I’m sure you are aware that when people talk about victim-blaming they aren’t really talking about claims that it was 100% the fault of the victim, but the phenomenon where we deflect blame away from the person doing the fucked-up thing by suggesting that the other person bore some unspecified burden of responsibility while very specifically not saying that you aren’t blaming the person doing the fucked-up thing. And I’m sure you’re aware that the concern isn’t so much that one particular person who may have acted unreasonably needs to get off scot free for any degree of responsibility because she was assaulted, but that the net result of that phenomenon is that we end up not taking the actual assaults as seriously, because we’re in the habit of partially mitigating them.

So, I mean, isn’t “Yeah, yeah, he was wrong, but what about…” like exactly what victim-blaming looks like these days, because you can’t get away with saying, on national television, “he should have smacked that bitch” and expect to continue to receive fat stacks of cash for saying stupid shit on national television? You can’t not blame the actual person committing the crime, but you can focus instead on blaming other people, too.

So. Chad Johnson grabs his wife and head butts her during an argument over a box of condoms he bought. Screamin’ A suggests that provocation or instigation came into play, and we (the sports media) shouldn’t stop at vilifying Chad Johnson, but we should dig in deep into the victim. That’s not spreading the blame to the victim?

This is unfair to Howard Stern, who is an intelligent guy and a perceptive interviewer. I’m not a big fan, but he’s at least capable of being interesting. Stephen A. Smith and Skip Bayless are not, which is why ESPN puts them on one show and has them shout at each other as much as possible. Their only talents are shouting inanities. And you have to figure that at least half the time, they’re each playing devil’s advocate so they have something to argue about. Stern can probably be sincere when he wants to.

Here’s a link to a transcript of the comments that got Smith in trouble. (I see at least one mistake, he says/they wrote employ when he means implore.) It’s not the first time he’s said stuff like this. Here he is defending himself on Twitter after the show and before his ‘sincere apology.’
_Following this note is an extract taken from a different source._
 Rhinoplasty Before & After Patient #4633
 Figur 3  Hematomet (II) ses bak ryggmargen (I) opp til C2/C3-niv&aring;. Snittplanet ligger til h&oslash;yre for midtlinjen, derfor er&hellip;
Smith’s actual statement is almost word salad because it’s so full of asides and pre-apologies. He knows he’s about to say something people don’t like, so he’s trying to defuse that in advance. I don’t think he succeeds because the ultimate point is still ‘domestic violence is wrong, but women need to be careful not to provoke it.’ Why bother saying this at all? Is anyone tuning into Stephen A. Smith for relationship advice? We don’t know why Ray Rice attacked his fiancee other than the fact that he’s a dick. Admitting we don’t know that background of their situation… really, so what? Maybe they had a horrible argument and maybe he went crazy. Since we don’t know, why speculate in a way that passes the buck to the victim? Rice did the damage and was charged with the crime. Smith went way beyond the facts in an attempt to be “insightful” or provocative or something, and he got burned. Dumb guy says something dumb, cue outrage. Surprise!

Again, stick to the actual words he said. He did not say “explain,” he said those things “come into consideration.” Prosecutors and judges very typically look into things like provocation when when to prosecute, what to prosecute for, and what the sentence should be. It’s one of the things that can separates first and second degree murder.

No.

The quote I responded to was:

.

Are you asserting that no victim of anything anywhere is ever responsible for anything that contributed to their victimization and/or which would mitigate the degree of punishment you feel is due to the perpetrator?

If your answer is yes, then I think our perceptions of human behavior are so dramatically at variance as to make pursuing discussion unfruitful.

If you answer is no, then how would someone possibly express a desire that that contribution and/or mitigation be taken into consideration without being guilty of “victim-blaming” as you define it above? Please be as specific as possible. Clearly, prefacing those comments with repeated declarations that such considerations do not excuse or lessen the guilt of the perpetrator isn’t enough. What would be?